私が直腸癌手術をするというので入院した時のことでした。ある教会から、四つ葉のクローバーの押し花にイザヤ46章4節が、筆書きされた一枚のハガキが送られてきました。そのクローバーを採取した方のお名前が、K姉と小さく記載されていたのですが、私はその方を存じ上げません。しかし、その行為によってどれほど、私が激励されたかしれないのです。私たちも、主の前に、それが何であれ、できる限り精一杯にすることを、生涯のモットーとすることに、しようではありませんか。

.惜しまぬ愛の美

 この一人の女性の行為の美しさをこれまでに、時宜にかなう美、精一杯の美と言いましたが、更に際立った美しさは、その香油の注ぎに現れた惜しまぬ愛の美です。この女性は、「純粋で非常に高価なナルドの香油の入った石膏の壺を持って来て、その壺を壊し、香油をイエスの頭に注ぎかけ」ました。香油の壺は壊され、割られて注ぎ出されたのです。そこには物惜みしない、気前の良い、イエスに対する愛が滲み出ていた、と言えないでしょうか。当時の文化では、食事に招待した来客の頭に、香油を注ぐことが習慣でした。それでも、来客に実際に注がれるのは、極僅かのホンの一滴であり、それで十分でした。私はいつでしたか休暇で神戸市に観光した際に、ハーブ園で三種類の香油を購入したのですが、その一つはフランキンセンス(没薬)でした。私の書斎で時々、無水アルコールに混ぜて噴霧使用するのですが、それは本当に僅か一滴に過ぎません。それでも十分なのです。それによって部屋中が芳しい香りに包まれます。しかしどうでしょう、このベタニヤの一人の女は、壺を割って、375グラムもの香油全部を注ぎだした、というのです。それはこの女のイエスに対する、惜しみない愛そのものです。それを見ていた弟子たちには、全く無駄としか思えませんでした。しかし、この女が何故そうできたのでしょうか、なぜ、敢えてそうしたのでしょうか。どこまでも推測想像ですが、その動機は、主イエスがどういうお方かを、この女が、完全とは言えないまでも、深く良く理解していたからに違いありません。

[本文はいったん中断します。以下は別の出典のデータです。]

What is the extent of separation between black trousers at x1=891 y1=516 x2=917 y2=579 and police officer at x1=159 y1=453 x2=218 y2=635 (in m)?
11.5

それとは非常に対照的なのは、同席していた弟子たちが、注目し理解していたのは、もっぱら注ぎだされたナルドの香油の価値とその利用方法でした。経済的に換算すれば300デナリに値するのだ、人一人の一年分の賃金に相当するのだ、それを福祉事業として貧困者に振る舞えば、それで、どれだけ大勢の人が助かるかしれないぞ、そういう理解でした。それは勿論、間違いではありません。正しいことでもあります。しかし、彼らには、その高価な香油が注がれたお方が誰であるかを理解していなかったのです。そればかりか、この方に、これから何が起ころうとしているのかを、皆目理解することもできていなかったのです。

 私はこの度、この箇所を解く鍵の聖句が、ローマ8章32節だと教えられております。「私たちすべてのために、その御子をさえ惜しまず死に渡された方は、御子と一緒にすべてのものを私たちに賜らないことがあるでしょうか。」そこにはそう記されています。「その御子をさえ惜しまず死に渡された方」ここにこそ、神の愛が語られているのではないでしょうか。神は、御子イエスを犠牲にすることにより、人類を罪の奴隷から救おうと、神であられるのに御子イエスを、人の形でこの世に遣わされました。愛は惜しみなく与えるのです。神は最愛の御子を、惜しみなく与えることにより、御子を犠牲にすることにより、私たちに対する惜しみなき愛を示されたのです。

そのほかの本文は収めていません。